Enhanced Recovery After Surgery (ERAS) represents one of the most evidence-based, widely implemented advances in perioperative medicine of the past two decades. ERAS protocols — multimodal bundles of 20–25 evidence-based perioperative interventions spanning preoperative optimization, intraoperative management, and postoperative care — have consistently demonstrated ability to reduce hospital length of stay by 2–4 days after major surgery, decrease postoperative complications by 30–50%, and reduce 30-day readmission rates without compromising patient safety.
Core ERAS Elements
ERAS protocols share common elements across surgical specialties, individualized by procedure: Preoperative: patient education and goal-setting, nutritional optimization (prehabilitation protein supplementation for high-risk patients), carbohydrate loading (200-400mL carbohydrate drink 2h pre-surgery — reducing insulin resistance by 50% compared to overnight fasting, improving postoperative glucose control), cessation of fasting at 6h for solids/2h for clear fluids (replacing the standard midnight NPO), correction of anemia, optimization of comorbidities. Intraoperative: goal-directed fluid therapy (avoiding excess crystalloid — associated with anastomotic leak, ileus, and pulmonary complications); normothermia maintenance (forced-air warming, warmed IV fluids — hypothermia increases wound infection 3× and coagulopathy risk); minimally invasive surgical approach when feasible; short-acting anesthetic agents enabling rapid awakening; regional anesthesia/epidural or TAP blocks for analgesia; avoidance of long-acting opioids intraoperatively. Postoperative: multimodal opioid-sparing analgesia (scheduled acetaminophen, NSAIDs, gabapentinoids, regional blocks); early mobilization (sitting in chair at 4h, walking at 8–12h post-op); early oral feeding (clear fluids at 4–6h, diet advancing as tolerated); avoidance of nasogastric tubes and drains unless specifically indicated; proactive nausea/vomiting management; removal of urinary catheter by 24–48h; thromboprophylaxis.

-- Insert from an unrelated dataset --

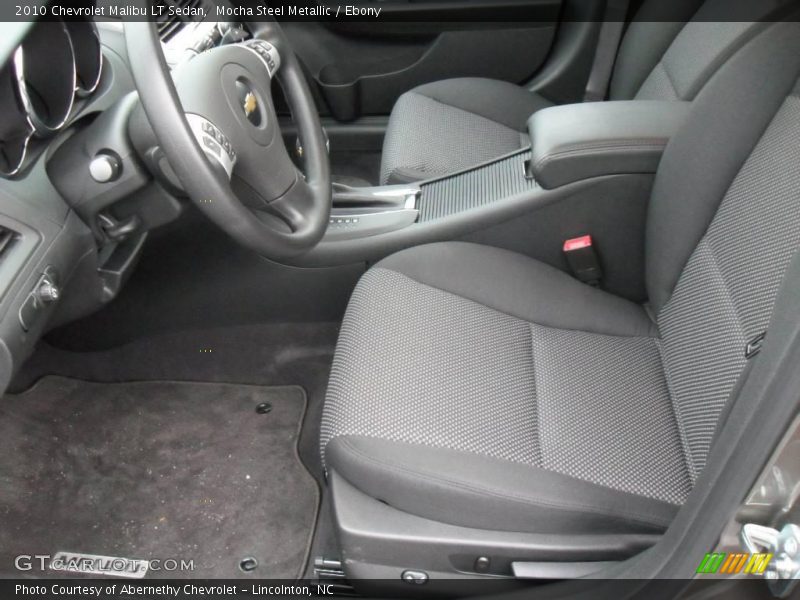 Mocha Steel Metallic / Ebony 2010 Chevrolet Malibu LT Sedan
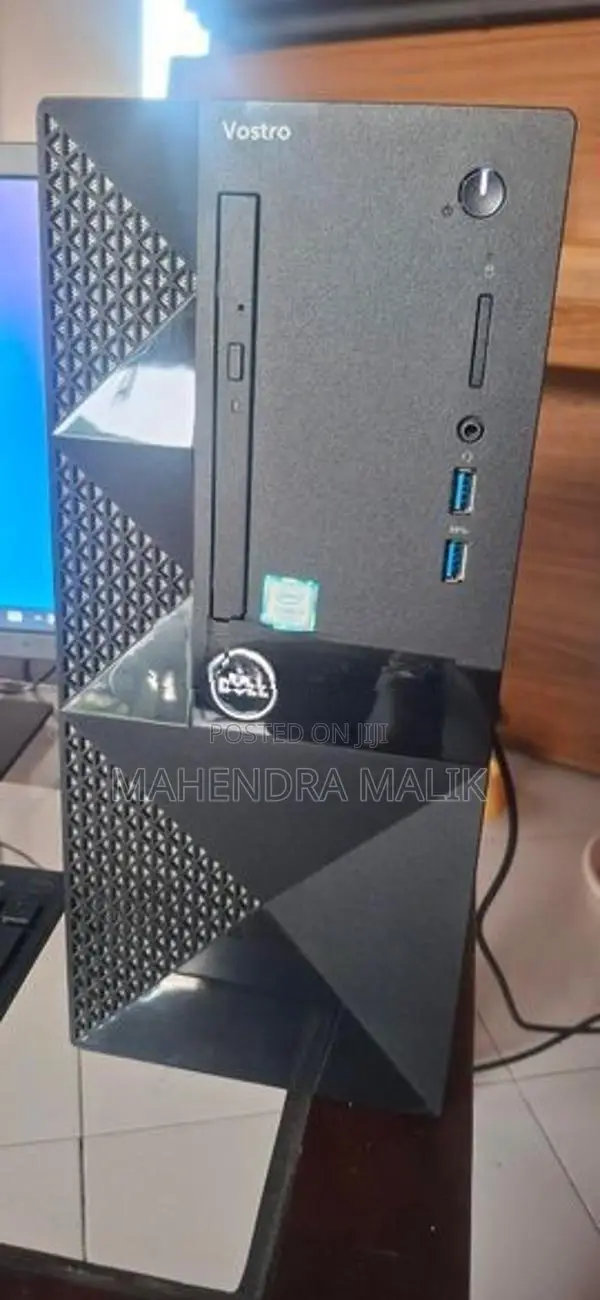 I3 7th gen Dell PC with Monitor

Outcome Evidence Across Specialties
ERAS evidence is most mature in colorectal surgery: the original Ljungqvist et al. (2002) RCTs and subsequent meta-analyses demonstrate 2.5-day reduction in length of stay (LOS) and 50% reduction in pulmonary complications versus traditional care. In hip and knee arthroplasty, ERAS protocols achieve same-day or next-day discharge rates of 40–60% for appropriately selected patients versus historical 3–4-day stays. Cardiac surgery ERAS (Fast-Track Cardiac Surgery) reduces ICU stay by 24h and hospital stay by 1–2 days. Hepatopancreatobiliary ERAS shows 2–3 day LOS reduction and 30% complication reduction for major liver and pancreatic resections. Healthcare facilities implementing ERAS programs need reliable surgical supply chains including wound care supplies, IV therapy supplies, and comprehensive patient care products for optimized perioperative care.
Implementation Science
ERAS implementation requires multidisciplinary team engagement: surgeons, anesthesiologists, nurses, dietitians, physical therapists, and pharmacists must all adopt modified practices. The ERAS Society (erasociety.org) provides specialty-specific guidelines and an implementation coaching program. Key failure modes include selective implementation (compliance with preoperative elements but traditional practice intraoperatively and postoperatively), siloing of disciplines, and failure to audit compliance. Facilities with >80% ERAS element compliance consistently achieve greater LOS reduction than those with lower compliance — making audit and feedback infrastructure as important as the clinical protocol content itself.